O novo director artístico vê a ópera de Wagner como o início de uma nova colaboração com o Centro Cultural de Belém (CCB), onde no ano passado co-apresentaram A Flowering Tree. “É uma co-apresentação, mas o CCB está a investir dinheiro, o que é fantástico. O São Carlos quer actuar fora do teatro. Parte do plano é sermos uma companhia nacional. Este Tristão é o princípio de uma relação como deve ser com o CCB.” O encenador Charles Edwards, que vive em Lisboa, é também director de luz, e “é visto como alguém que consegue encenações muito simples e eficazes”.
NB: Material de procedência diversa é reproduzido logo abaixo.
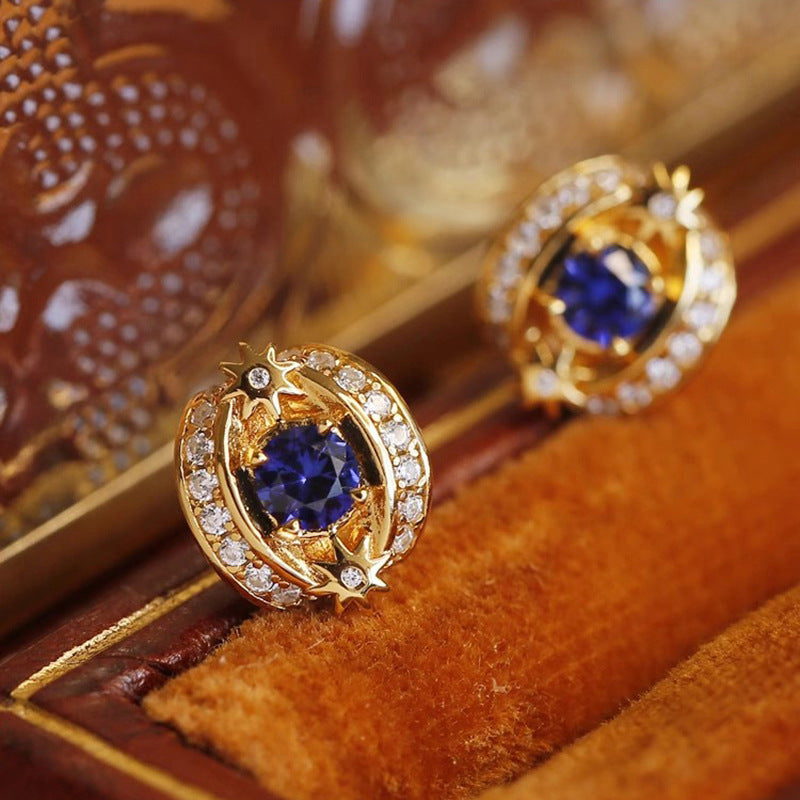 Romantic Earring for Special Moments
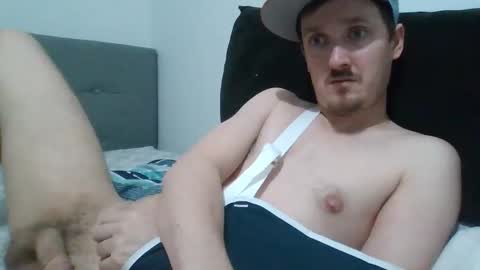 kittenfoxxx online show from 11-21-25, 03:00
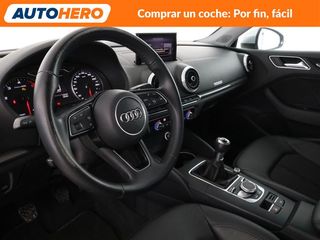 Audi A3 1.6 TDI Design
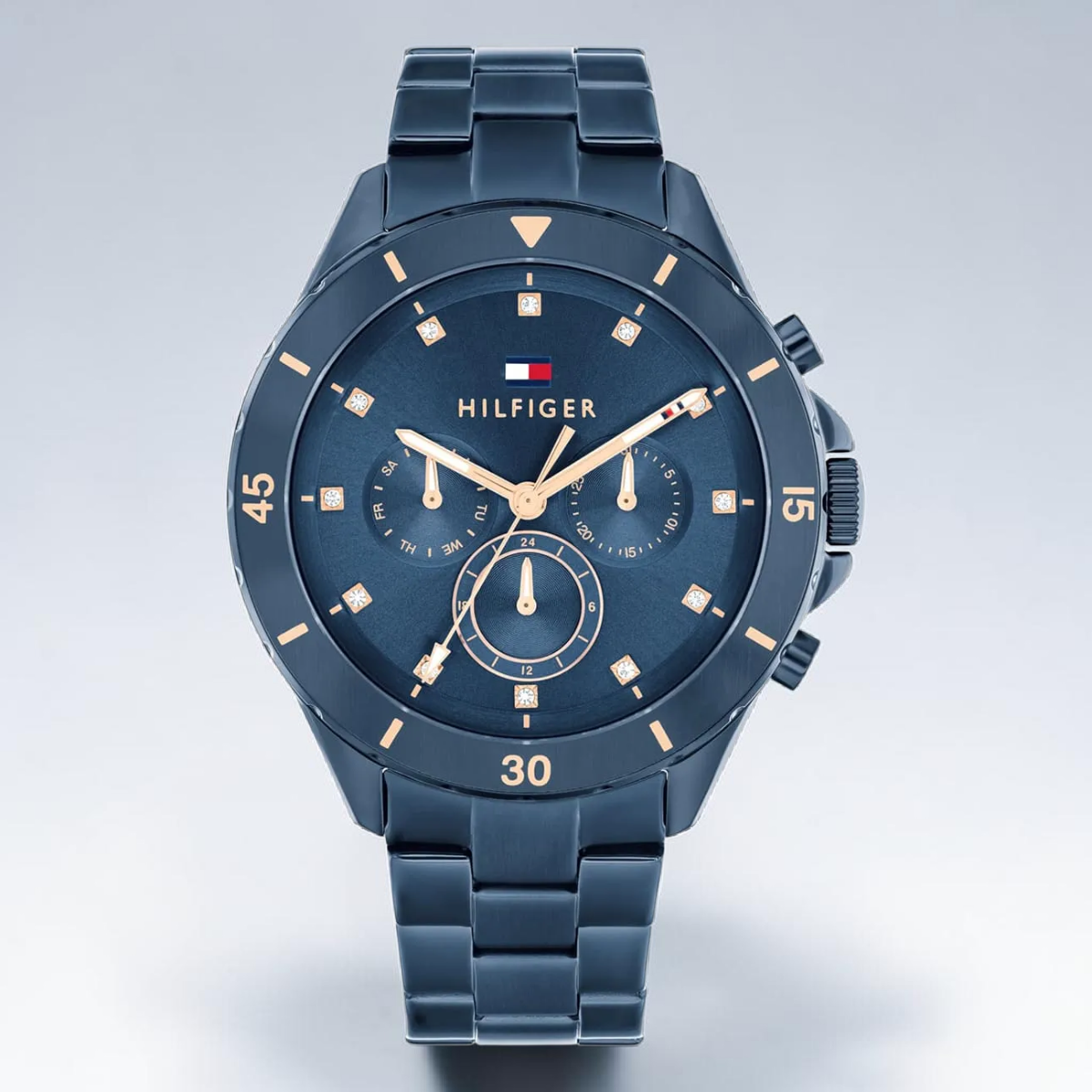 Tommy Hilfiger Watch For Women 1782743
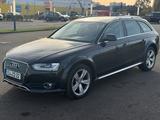 Audi A4 Allroad 2.0 TFSI Quattro Pano Xen Navi LMF  - gebrauchte Audi A4 Allroad aus dem Jahr 2013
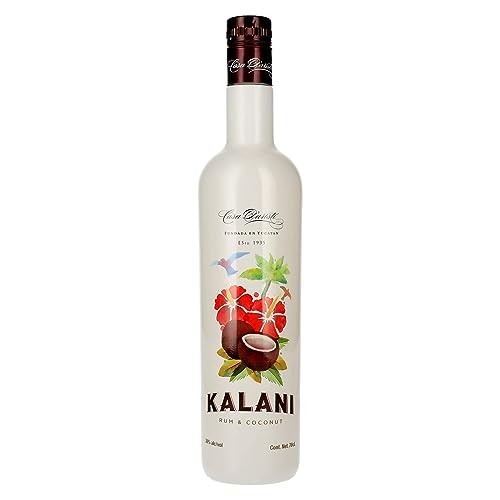 Kalani Rum & Coconut 30% Vol. 0,7l von Kalani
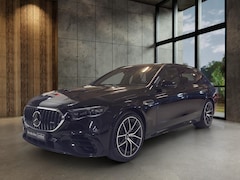 Mercedes-Benz E-klasse Estate - AMG 53 4-Matic+ Premium Plus | Rijassistentiepakket Plus | Achterasbesturing | Memory pakk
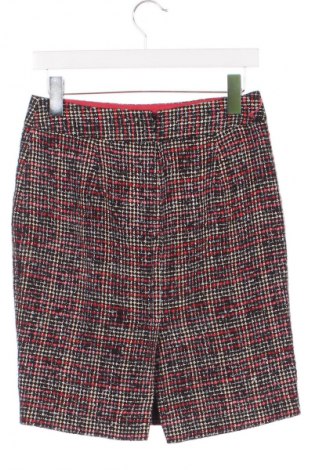 Fustă Banana Republic, Mărime XS, Culoare Multicolor, Preț 36,99 Lei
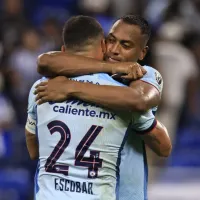 ¿Ditta, Castaño y Escobar no fueron convocados a su Selección?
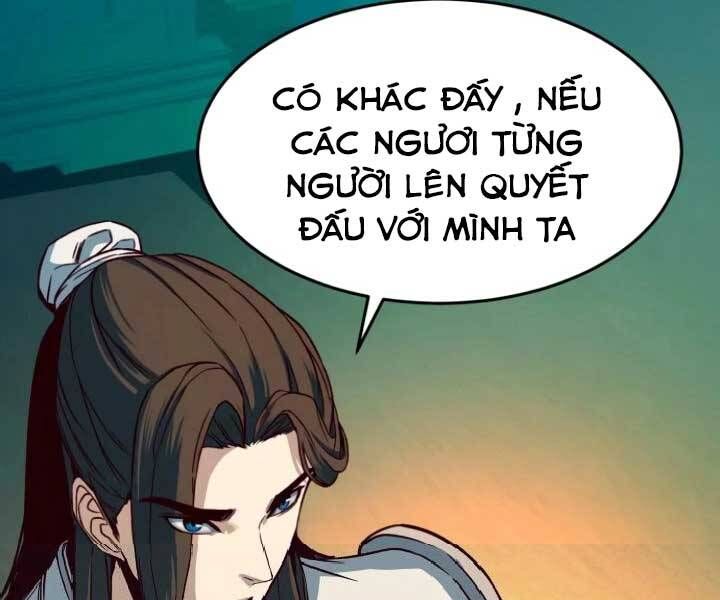 đọc truyện Túy Kiếm Dạ Hành Chương 15 ảnh 13 tại Giả Dược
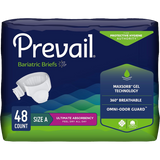 Prevail Bariatric Briefs 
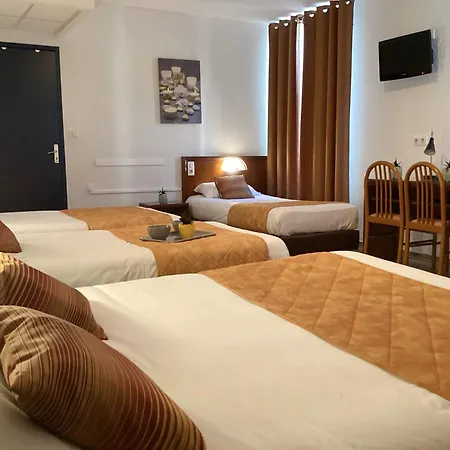 Hotel Angelic-2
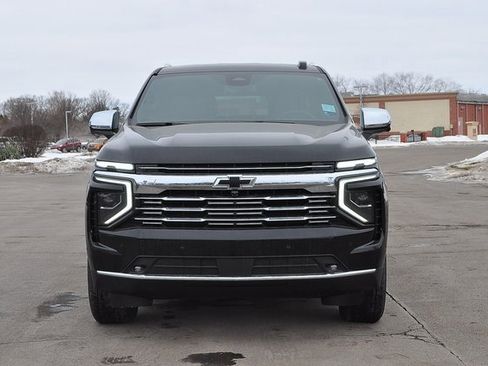 New 2026 Chevrolet Tahoe Premier image 6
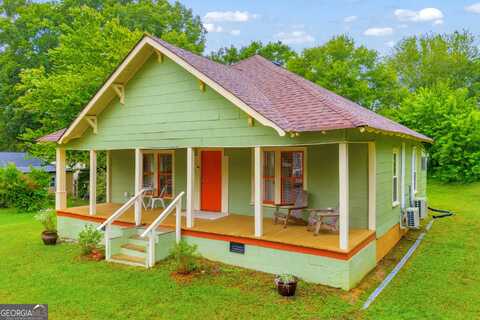 192 S Pine, Toccoa, GA 30577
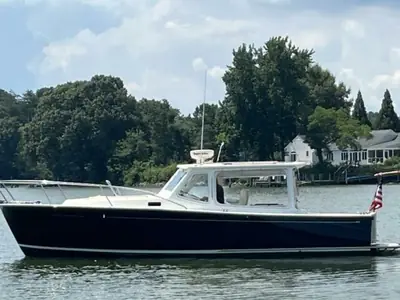 MJM 34z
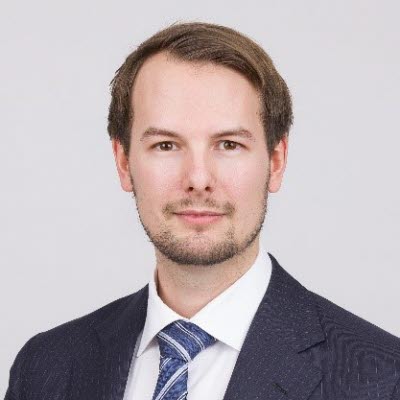 Stefan Lukacs Investeringsstrateg Investment Strategy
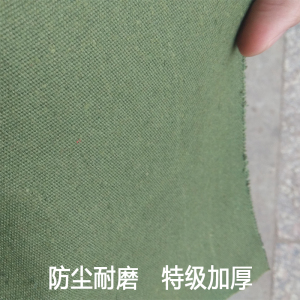 新品特级加厚防雨布防水防晒篷布B抗老化帆布有机硅布遮阳防水布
Com a vontade de fazer digressões, mas “sem condições ainda de anunciar esse tipo de programa, que faz absolutamente parte do futuro”, a colaboração com o CCB é apenas “uma declaração de intenções”, porque não será por aí que o São Carlos vai diversificar substancialmente o seu público.
Patrick Dickie vai aproveitar a apresentação das duas óperas de um acto de Leoncavallo e Zemlinsky para construir um cenário que lhe permita regressar ao formato todos os anos. “As ópera de um só acto não costumam ser programadas assim tão frequentemente, além das duplas conhecidas. Queremos fazer um projecto para vários anos.” Por isso, convidou José Capela, director artístico da Mala Voadora, para fazer a cenografia. “O que vamos pensar juntos é um cenário universal que começa com I Paglacci/Der Zwerg e que queremos reutilizar nas próximas temporadas.”
Jntamente com a programação sinfónica, a temporada lírica tem um orçamento de 1,9 milhões de euros, não tendo sofrido alterações, segundo o São Carlos. Na temporada sinfónica, o texto da maestrina Joana Carneiro, à frente da Orquestra Sinfónica Portuguesa (OSP) destaca o novo estatuto de Luís Tinoco, que ajudará “a aprofundar a relação com a criação nacional e internacional”. Alguns dos projectos que Tinoco vai desenvolver terão lugar nos Estúdios da rua Victor Córdon, sede da Companhia Nacional de Bailado, que a partir de Setembro passarão a ter valências “no âmbito educativo, comunitário e criativo”.
A nova temporada sinfónica reforça a sua ligação com o CCB, onde serão apresentados oito concertos (mais dois do que no ano passado), “numa relação com a contemporaneidade como um valor essencial da identidade da OSP”: os programas aliam "a música de Macmillan à de Beethoven, a de Pinho Vargas à de Mendelssohn e Brahms, a de Lutoslawski à de Bruckner, a Adams à de Mahler, a Tinoco à de Mendelssohn e a de Clotilde Rosa à de Mozart".
A venda de assinaturas para as duas temporadas começa a 8 de Julho.